2 de diciembre de 2014.
El indiscutible poder de la esperanza descansa en la capacidad e inteligencia del ser humano en elaborar y ejecutar una estrategia para ver realizado lo esperado. De lo contrario, todo se queda en enunciados de buenas intenciones y nada más.
En un mundo lleno de conflictos y vicisitudes se hace necesario detenernos en los valores que el tiempo de adviento nos permite apreciar.
Con frecuencia decimos: “mientras haya vida hay esperanza”. O decimos: “la esperanza es lo último que se pierde”.
Muy a menudo oigo aquí en territorio americano a los de habla inglesa decir: “I hope so”. Así espero.
Vivimos en una constante espera.
La expresión adviento hace referencia a adventus Redemptoris (venida del Redentor) o adventus Domini (venida del Señor).
El adviento tiene doble connotación. Por un lado, es el tiempo en que los cristianos nos preparamos para celebrar el nacimiento de Jesucristo. Y por otro lado, es la preparación para la Segunda Venida de Jesús.
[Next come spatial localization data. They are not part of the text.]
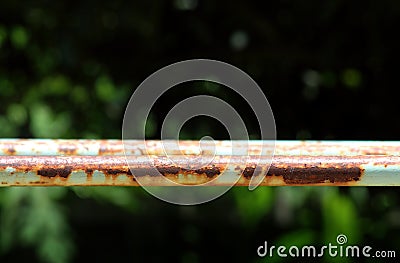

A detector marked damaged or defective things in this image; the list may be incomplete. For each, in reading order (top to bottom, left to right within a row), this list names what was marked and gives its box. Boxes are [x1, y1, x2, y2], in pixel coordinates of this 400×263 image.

rusty metal pipe [0, 140, 400, 157]
rusty metal pipe [0, 155, 398, 188]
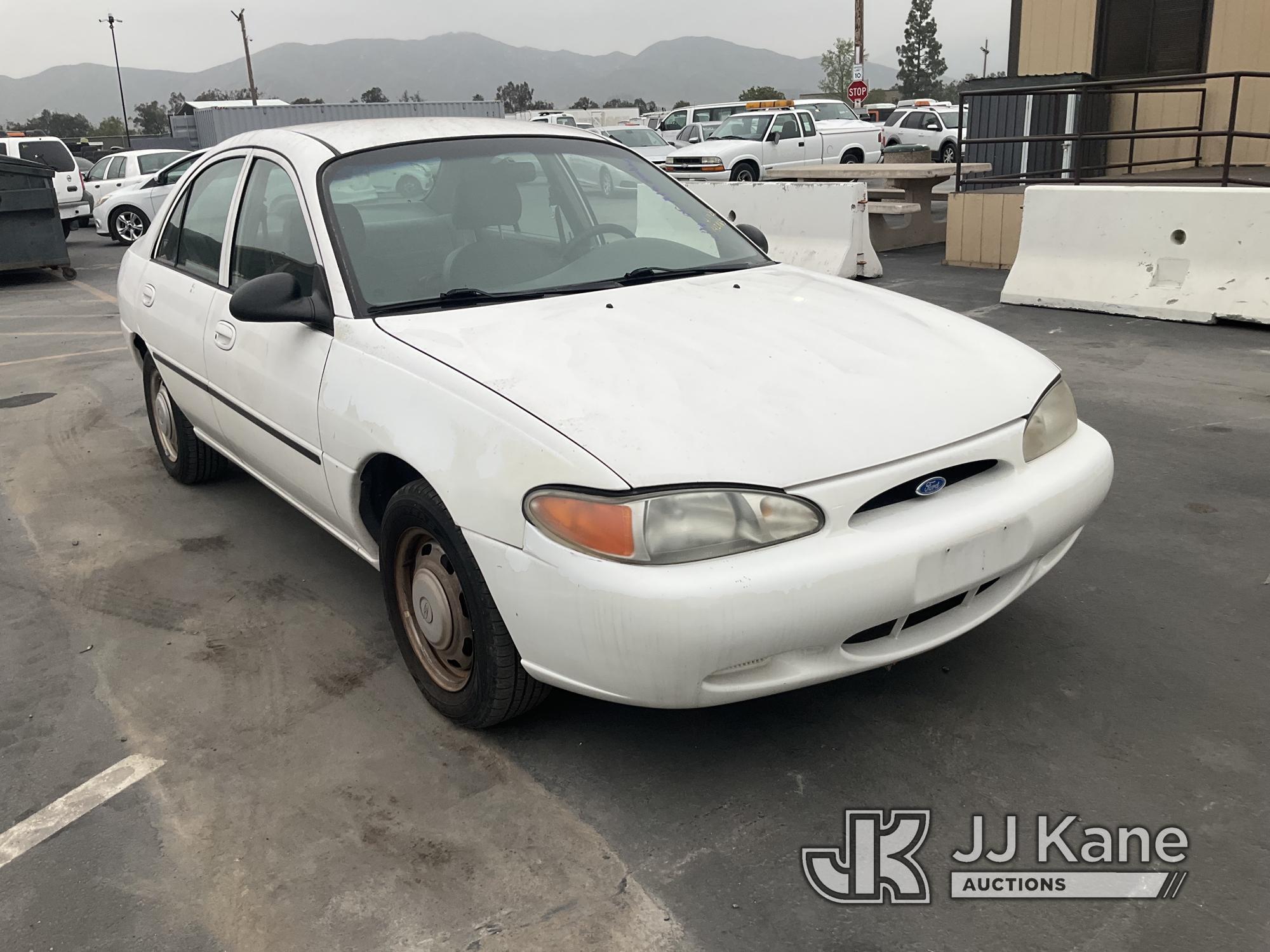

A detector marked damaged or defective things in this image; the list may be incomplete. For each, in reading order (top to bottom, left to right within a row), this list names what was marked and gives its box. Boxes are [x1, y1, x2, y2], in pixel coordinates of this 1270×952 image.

rusty wheel rim [391, 531, 472, 696]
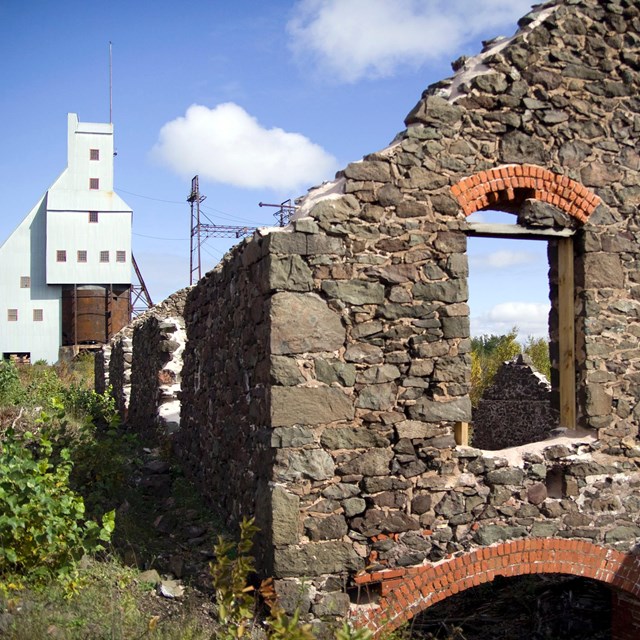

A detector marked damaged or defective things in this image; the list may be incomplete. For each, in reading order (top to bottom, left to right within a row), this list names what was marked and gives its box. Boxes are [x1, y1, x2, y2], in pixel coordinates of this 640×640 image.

rusty water tank [61, 284, 130, 344]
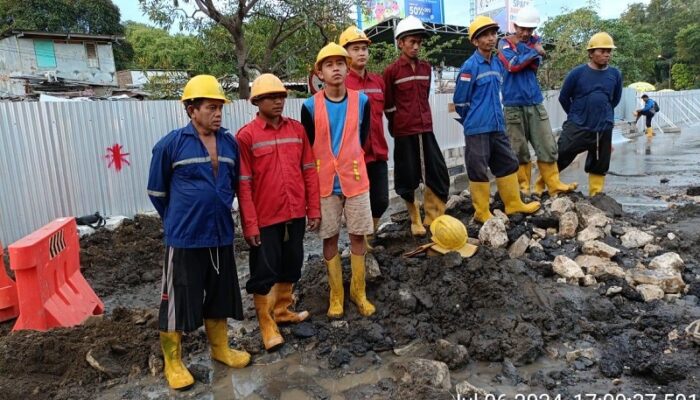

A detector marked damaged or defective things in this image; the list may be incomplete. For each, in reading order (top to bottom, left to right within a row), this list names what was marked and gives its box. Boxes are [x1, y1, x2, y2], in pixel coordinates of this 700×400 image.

broken concrete chunk [556, 211, 580, 239]
broken concrete chunk [616, 230, 656, 248]
broken concrete chunk [580, 241, 616, 260]
broken concrete chunk [552, 256, 584, 278]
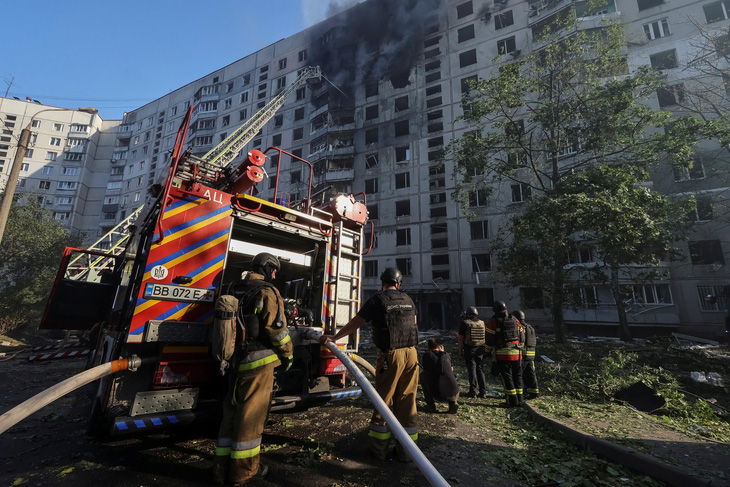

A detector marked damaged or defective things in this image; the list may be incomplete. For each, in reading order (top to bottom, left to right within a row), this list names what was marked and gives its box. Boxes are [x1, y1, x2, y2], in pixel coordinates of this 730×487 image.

broken window [458, 24, 474, 43]
broken window [458, 48, 474, 67]
broken window [648, 49, 676, 70]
Cada año las Iglesias cristianas se detienen a contemplar más de cerca el profundo valor que encierra el nacimiento de Jesucristo y para eso preveen algunos actos litúrgicos unas semanas antes de esa memorable fecha. En el caso de la Iglesia Católica son cuatro semanas.
El electo presidente de Uruguay, el Doctor Tabaré Vázquez, en el marco de su discurso donde celebraba su victoria en las recientes elecciones presidenciales, dijo algo que yo quiero traer en este momento y que se ajusta en este contexto. El dijo: “Quisiera que la gente no pensara en las próximas elecciones y pensara en las próximas generaciones”. En otras palabras, está llamando a pensar en lo que da sentido a la vida y no en lo que nos acerca al contrasentido
Ese es el problema que le ha quitado poder a la esperanza. Con frecuencia nos dejamos envolver por el inmediatismo, lo trivial, lo que es fácil, lo soporífero, en fin, por todo aquello que tiene un acento terrenal. Lo grande, lo sobrenatural y lo que nos haría felices junto con nuestros coterráneos es desechado y marginado.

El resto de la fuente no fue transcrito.